A hitchikers guide to not sleeping

And the day went its merry way, and I had my photograph taken with a lovely fraudelein in a reputed beer kellar, in traditional costume! This fantasy over (thank you rachel!) it was time to hitch off, leaving munich for a travel experience par excellence, the hitch to croatia, i was to attempt it in one go, aiming for Zagreb. Bidding au revoir to Rach (she had decided to return home as she missed her folks) Simon, a consultant in energy efficiency on behalf of the german government, whisked me off 50km to near the Austrian border. Here, chancing a lorry driver's good will, I came accross the powerfully communicative Papez, a liquid male of extraordinary energy and booming, slighlt alarming speech, who was destined for Ljubliana, Slovenia. He was to leave in 7 hours, at 3am, so i coffeed myself and stayed awake, outside his blacked out truck an hour early keeping watch for his stirring.
And then, a lion awaking to roar accross the borders of two nations, he stirred his car transporter into honking and verssatile mobility and we sped and bullied our way accross the border and deep into austria quicker than you could say "zehr gut". In a mixture of halting german, bizzare gestures, and having the courage to look the manic meatro straight in his wide eyed face, our meanings somehow convened on some basic facts and back-slapping rapport (if this had been possible accorss the roomy cab). Despite at one point, slowed by a problem in the chucklingly named Karawanken tunnel, prompting a Gollum style snarl of "SCHIEZE" from Papez, we ploughed into Ljubliana at 940 am. PApez bead e ma goodbye, he had been very kind and excellent host, giving me cigarrettes and coffee, which we consumed together in the "cockpit".

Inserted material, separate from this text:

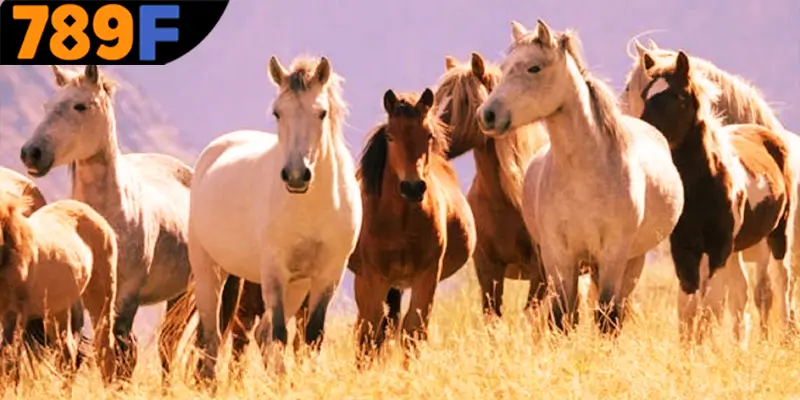 Mơ Thấy Ô Tô Đánh Số Gì - Luận Giải Chiêm Bao Với 789F 2 Lý giải về vận mệnh quan trọng khi chiêm bao thấy ngựa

Croatia was found by 1pm, after a much deserved lie down under a service station tree, Mario and Tanja dropping me with an ice cream and a chicken sandwich. Then began an impossible, 6 hour attempt to hitch a lift, my gathering spentness driving a certain paranoia and, married with the unsubtle unfirendliness of a chunky cohort of the natives (finger wagging expressions of contempt or blankly looking straight through me) Iw as almost in tears when I ahd the "bight" idea of walking to Zagreb 5km away. this was 9pm, and the walk took about 3 hours in the end, wadnering through a brownfield site the size of Burnley, and having chosen not to sleep in a golf course's bunker I slipped in to the city like a rat, along tram tracks, motorway verges and graffiti lined boulevards under the carways. Zagreb, but would I sleep and would i find a way to get to Zadar 200km away for tomorrow night to meet Kieran off his plane?